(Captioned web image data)
◆ ◆ ◆ ◆ ◆
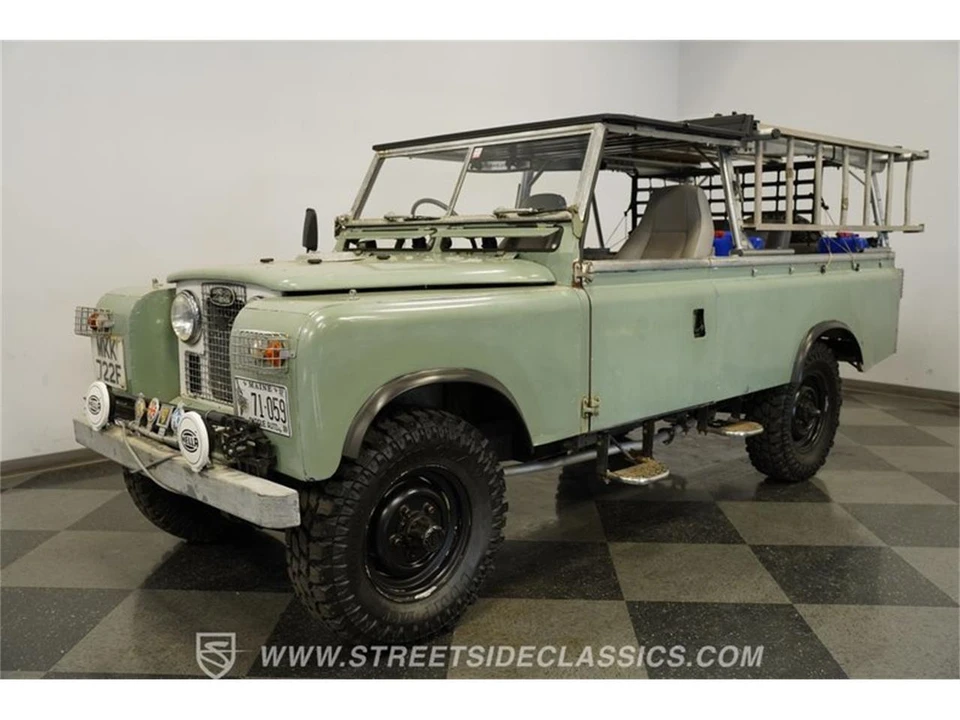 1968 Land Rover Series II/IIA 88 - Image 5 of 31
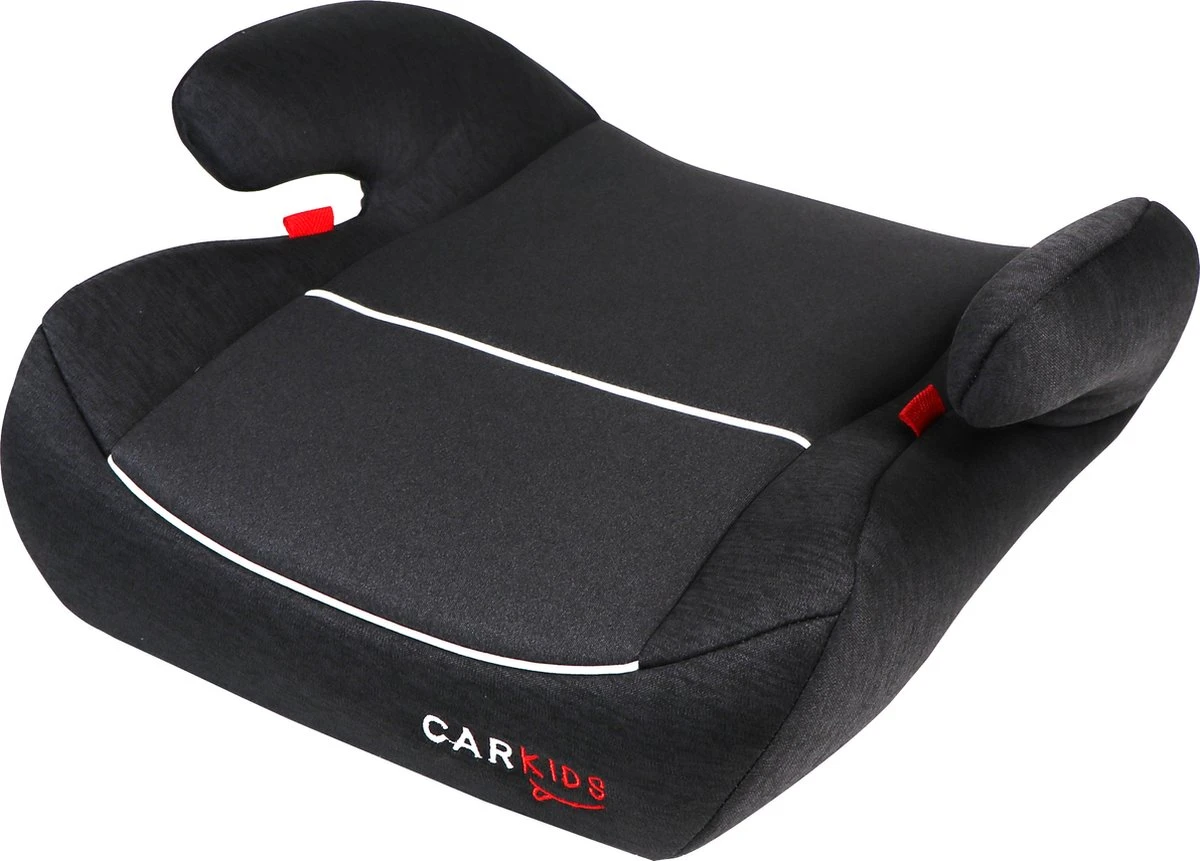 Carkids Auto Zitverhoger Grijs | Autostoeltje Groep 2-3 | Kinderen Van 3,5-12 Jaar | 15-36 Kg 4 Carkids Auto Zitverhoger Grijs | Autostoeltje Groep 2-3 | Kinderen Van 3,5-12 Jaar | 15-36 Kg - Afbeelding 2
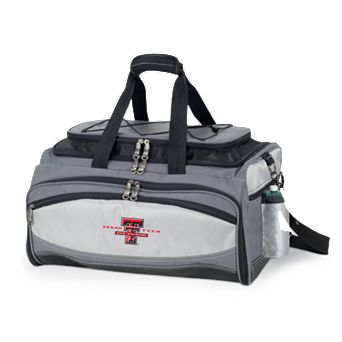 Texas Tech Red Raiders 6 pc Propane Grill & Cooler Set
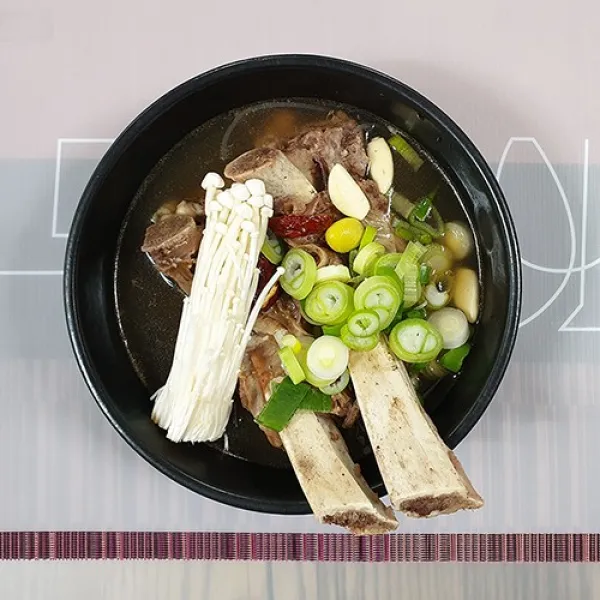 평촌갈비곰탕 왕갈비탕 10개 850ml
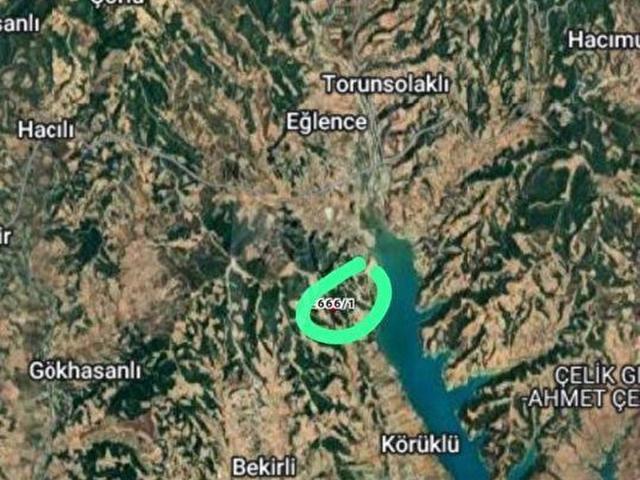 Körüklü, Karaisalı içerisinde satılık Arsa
◆ ◆ ◆ ◆ ◆
(Work item)
Transcribe each line above exactly, pictures excluded.

(Exercise response)
 1968 Land Rover Series II/IIA 88 - Image 5 of 31
 Carkids Auto Zitverhoger Grijs | Autostoeltje Groep 2-3 | Kinderen Van 3,5-12 Jaar | 15-36 Kg 4 Carkids Auto Zitverhoger Grijs | Autostoeltje Groep 2-3 | Kinderen Van 3,5-12 Jaar | 15-36 Kg - Afbeelding 2
 Texas Tech Red Raiders 6 pc Propane Grill & Cooler Set
 평촌갈비곰탕 왕갈비탕 10개 850ml
 Körüklü, Karaisalı içerisinde satılık Arsa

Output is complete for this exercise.